Fitting a known piecewise linear function with unknown offset

I didn’t test the code below but I think it should be something like it. You’re right that you need it to work with vectors. Since the input x in the function is type real the function expects that but the model variable x is a vector.

I don’t think you can get around using a loop since you have conditional logic. You can throw the loop in the function and still use the vectorized call to normal in the model block.

functions {
    vector zz(vector x, real off) {
        int N = num_elements[x];
        vector[N] out;
        for (n in 1:N) {
             if ( (fabs(x[n] - off) >= 0) && (fabs(x[n] -off ) < pi()) ) 
                 out[n] = 0.5*(pi() - fabs(x[n]- off));
        else 
            out[n] = 0;
       }

     return out;
    }
}
data{
    vector[201] y;
    vector[201] x;
}
parameters{
    real off;
    real<lower=0> sigma;
}
model {
    sigma ~ exponential( 1 );
    off ~ normal( 0 , 10 );
    y ~ normal(zz(x,off), sigma);
}
1 Like

Got it and will try it. Can you quickly tell me what is the advantage compared to the “solution” I’ve posted?

Elegance is in the eyes of the beholder :)

With a larger model what I posted should be faster due to the gradient of the log-prob (see https://mc-stan.org/docs/2_25/stan-users-guide/vectorization.html).

1 Like

Be sure to read the Changepoint Models section of the SUG. Such models induce a discontinuity in the gradient that can cause the sampler to fail, but that section describes how to code them to avoid this.

Thanks mike! I will check. But I’m not sure why you consider my example as a changepoint model?
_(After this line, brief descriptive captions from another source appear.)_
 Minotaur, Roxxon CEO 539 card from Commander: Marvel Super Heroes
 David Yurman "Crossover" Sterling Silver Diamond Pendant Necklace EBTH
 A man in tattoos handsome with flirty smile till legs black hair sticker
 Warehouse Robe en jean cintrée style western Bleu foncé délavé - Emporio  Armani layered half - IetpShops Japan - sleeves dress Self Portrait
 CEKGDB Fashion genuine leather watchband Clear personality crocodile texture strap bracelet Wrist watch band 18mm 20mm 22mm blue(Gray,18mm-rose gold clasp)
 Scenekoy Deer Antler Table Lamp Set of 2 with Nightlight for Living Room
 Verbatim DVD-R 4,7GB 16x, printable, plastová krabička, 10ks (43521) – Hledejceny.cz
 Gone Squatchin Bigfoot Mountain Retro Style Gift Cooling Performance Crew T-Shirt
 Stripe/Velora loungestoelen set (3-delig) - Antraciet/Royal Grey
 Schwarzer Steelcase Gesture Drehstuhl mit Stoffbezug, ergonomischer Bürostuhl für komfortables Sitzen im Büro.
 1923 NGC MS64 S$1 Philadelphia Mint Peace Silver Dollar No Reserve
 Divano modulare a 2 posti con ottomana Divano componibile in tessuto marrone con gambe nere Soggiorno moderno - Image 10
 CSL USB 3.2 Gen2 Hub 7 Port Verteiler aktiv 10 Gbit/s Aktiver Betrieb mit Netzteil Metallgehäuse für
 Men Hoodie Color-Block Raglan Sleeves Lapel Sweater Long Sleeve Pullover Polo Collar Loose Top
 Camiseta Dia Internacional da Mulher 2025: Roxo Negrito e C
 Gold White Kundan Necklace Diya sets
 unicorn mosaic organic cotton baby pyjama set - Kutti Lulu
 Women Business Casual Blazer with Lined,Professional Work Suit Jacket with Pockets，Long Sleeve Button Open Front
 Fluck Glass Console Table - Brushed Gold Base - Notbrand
Because you have a single covariate that has a changing relationship with the outcome depending discretely (hence the conditional) on the value of the covariate.

Thanks mike. That might be the reason why I often get divergent transitions. But why discretely? The shift parameter is continuous? Anyway, if the parameter that I’ve marginalize out is my shift (off), how can I do that if the parameter has no uniform prior as in the example?

(@martinmodrak: can you check the below for accuracy, or tag someone you think has the expertise to do so?)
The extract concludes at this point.